Web Farm and Web Garden

Web Farm

This is the case where you have only one web server and multiple clients requesting for resources from the same server. But when are is huge amount of incoming traffic for your web sites, one standalone server is not sufficient to process the request. You may need to use multiple servers to host the application and divide the traffic among them. This is called “Web Farm”. So when you are hosting your single web site on multiple web servers over load balancer is called “Web Farm”. The below diagram shows the overall representation of Web Farms.
Web Farms
In general web farm architecture, a single application is hosted on multiple IIS Server and those are connected with the VIP (Virtual IP) with Load Balancer. Load Balancer IPs are exposed to external world to access. So whenever some request will come to server from clients, it will first hit the Load Balancer, then based on the traffic on each server, LB distributes the request to the corresponding web server. These web servers may share the same DB server or may be they can use a replicated server in the back end.
So, in a single statement, when we host a web application over multiple web servers to distribute the load among them, it is called Web Farm.

Web Garden

Now, let’s have a look at what is Web Garden? Both the terms sound the same, but they are totally different from each other. Before starting with Web Garden, I hope you have a fundamental idea of what an Application Pool is and what a Worker Process is. If you have already read the article, “How IIS Processes ASP.NET Request ?”, then I can expect that you now have a good idea about both of them.
Just to recall, when we are talking about requesting processing within IIS, Worker Process (w3wp.exe) takes care of all of these. Worker Process runs the ASP.NET application in IIS. All the ASP.NET functionality inside IIS runs under the scope of worker process. Worker Process is responsible for handling all kinds of request, response, session data, cache data. Application Pool is the container of worker process. Application pool is used to separate sets of IIS worker processes and enables a better security, reliability, and availability for any web application.
apppools
Now, by default, each and every Application pool contains a single worker process. Application which contains the multiple worker process is called “Web Garden”. Below is the typical diagram for a web garden application.
WebGarden Basic
In the above diagram, you can see one of the applications containing the multiple worker processes, which is now a web garden.
So, a Web application hosted on multiple servers and access based on the load on servers is called Web Farms and when a single application pool contains multiple Worker processes, it is called a web garden.

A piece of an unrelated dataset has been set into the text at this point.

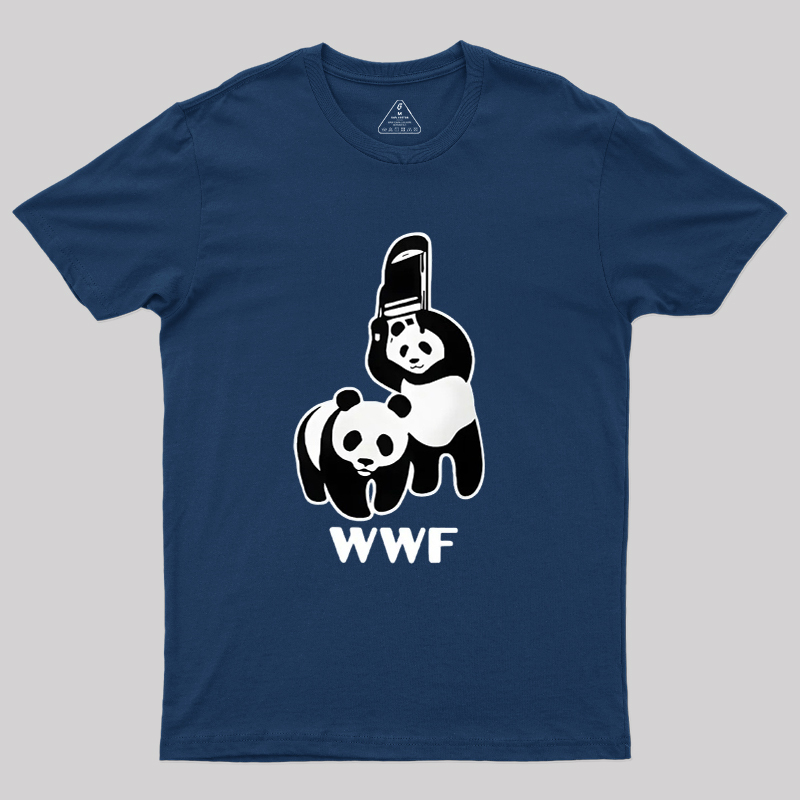 WWF Parody Pandas Geek T-Shirt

Advantages of Web Farm and Web Garden

Now, let’s have a look into the advantages of both the Web Farms and Web Gardens.

Advantages of Web Farm

  • It provides high availability. If any of the servers in the farm goes down, Load balancer can redirect the requests to other servers.
  • Provides high performance response for client requests.
  • Provides better scalability of the web application and reduces the failure of the application.
  • Session and other resources can be stored in a centralized location to access by all the servers.

Advantages of Web Garden

  • Provides better application availability by sharing requests between multiple worker process.
  • Web garden uses processor affinity where application can be swapped out based on preference and tag setting.
  • Less consumption of physical space for web garden configuration.